The tireless Tim Carney reveals that the lobbying for these tax credits did not occur in the busy final hours at the turn of the year, but in lobbying for a bill last summer that was copied verbatim into the fiscal cliff bill. Carney claims the Obama administration specifically insisted that these tax credits be shoved into the deal.
A similar roast by the Wall Street Journal details the absurdities of the corporate-welfare handouts, from “an accelerated tax write-off for owners of Nascar tracks” to “a $222 million rum tax rebate” to “the provision that allows film and television producers to expense…$20 million if the costs are incurred in economically depressed areas in the United States.” (My favorite is still the one about electric tricycles.)
Remember when liberals were so upset about GE not paying any taxes? Turns out they use one of these tax credits to do that, so it’s especially ironic that Obama and the Democrats seem to have been the most forceful advocates for extending these doozies (the only “No” votes for the summer’s lobbying list came from Republicans).
Ross Douthat and countless others in the last week have highlighted that Clinton-era tax rates for the wealthy don’t come close to paying for the entitlement programs the Democrats are so loathe to cut. What’s more astonishing, though, is that it doesn’t even begin to pay for it.
The deal’s new rates are supposed to bring in $620 billion over ten years. That’s $62 billion a year, and probably slightly less in 2013 if we assume some slight increase over the time period. Carney estimates that the deal’s corporate tax credits will cost the government $67 billion in 2013 alone.
(The next two years of credit extensions costs less than the $620 billion from ten years of rates, but if you think the lobbyists will let all of those tax credits expire in 2014 when they didn’t let any of them expire last week, I’ve got an unprofitable TV network to sell you. For the only year that counts right now, the tax rates and corporate credits comes out to a net loss.)
So we’re not even taxing the rich to pay for a small percentage of our social programs for the poor! We’re taxing the rich to pay for tax credit giveaways to a few rich corporations with the most convenient lobbying connections! That’s a pretty elite version of what I like to call Backwards Government.
I don’t mean to imply that Republicans have no share of blame here. In fact, the GOP has often set the pace for corporate handouts by arguing that various targeted tax breaks help businesses create jobs and grow the economy. But there’s a big difference between being pro-business and pro-market, and there are encouraging signs that many conservatives are learning to recognize that.

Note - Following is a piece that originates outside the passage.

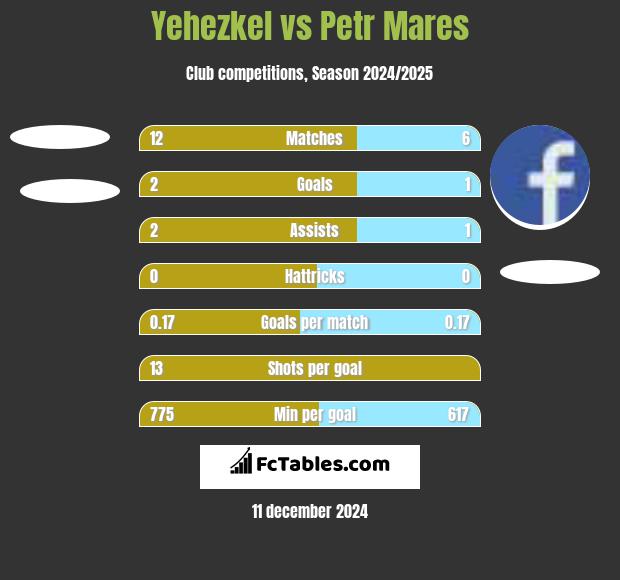 Yehezkel vs Petr Mares h2h player stats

Meanwhile, Obama pushes for corporate loopholes and then turns around and claims that he wants to reform the tax code “so that the wealthiest corporations and individuals can’t take advantage of loopholes and deductions that aren’t available to most Americans.”
How can he say that with a straight face? As the WSJ editorial concludes, “One of Mr. Obama’s political gifts is that he can sound so plausible describing the opposite of his real intentions.” We can only hope that some voices in the new 113th Congress – Ted Cruz, perhaps? – can figure out how to sound just as plausible describing the reality.